### Dataset excerpts
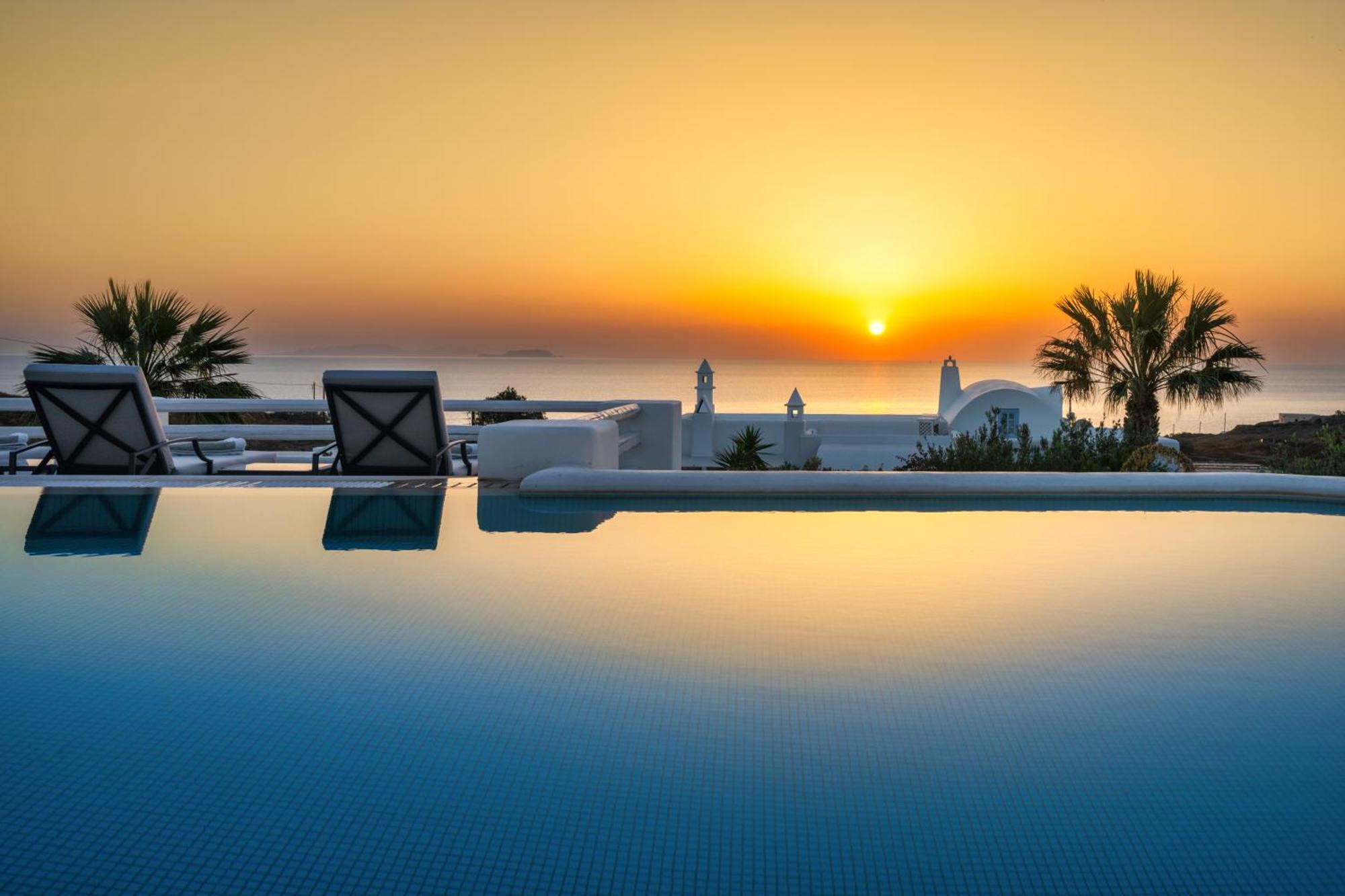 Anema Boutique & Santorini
...
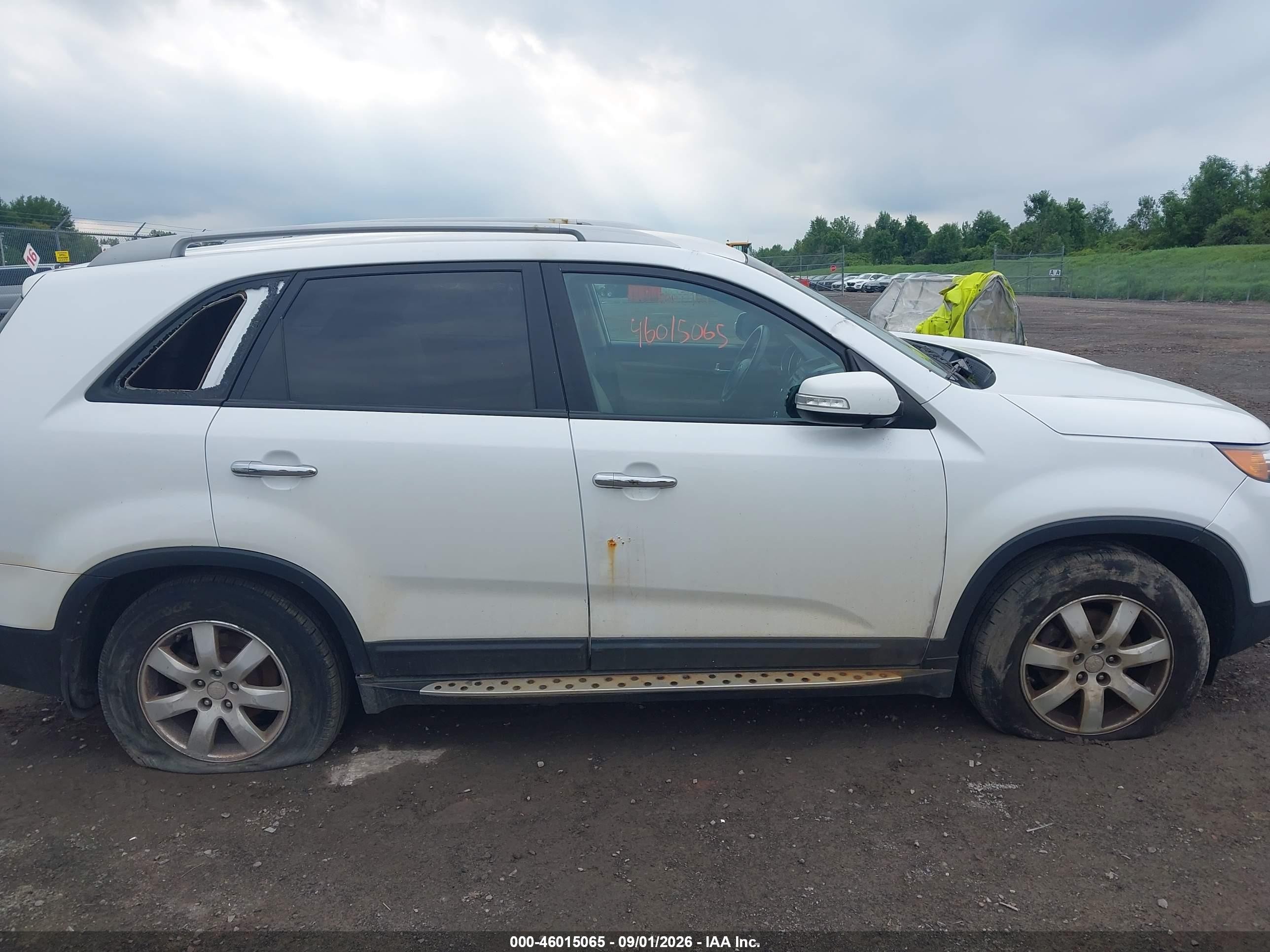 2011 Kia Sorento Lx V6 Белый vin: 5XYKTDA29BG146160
...
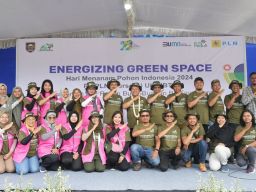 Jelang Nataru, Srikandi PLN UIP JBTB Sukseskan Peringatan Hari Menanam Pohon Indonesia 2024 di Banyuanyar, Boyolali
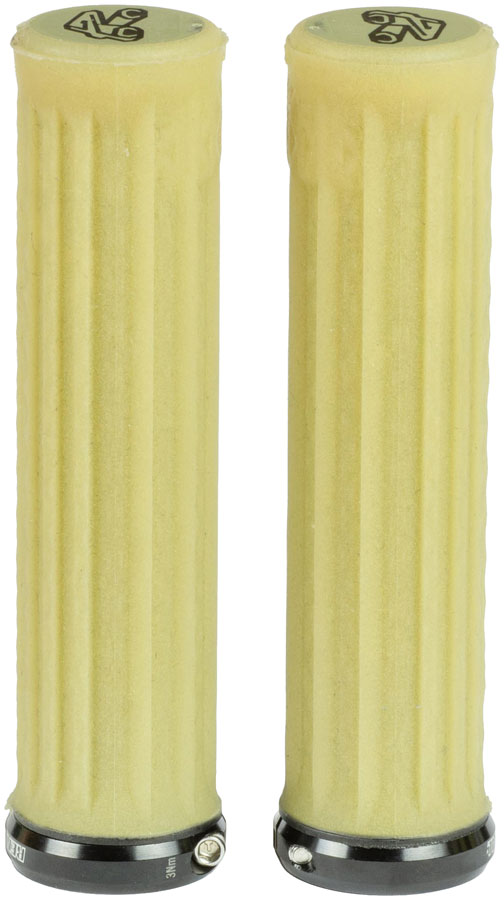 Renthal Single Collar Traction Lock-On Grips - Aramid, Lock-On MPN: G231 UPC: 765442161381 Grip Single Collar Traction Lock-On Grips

### Exercise prompt
The copy should hold exactly the lines above from the one with "Jelang Nataru, Srikandi" through the one with "Renthal Single Collar", both ends counted, and no pictures at all.

### Answer space
 Jelang Nataru, Srikandi PLN UIP JBTB Sukseskan Peringatan Hari Menanam Pohon Indonesia 2024 di Banyuanyar, Boyolali
 Renthal Single Collar Traction Lock-On Grips - Aramid, Lock-On MPN: G231 UPC: 765442161381 Grip Single Collar Traction Lock-On Grips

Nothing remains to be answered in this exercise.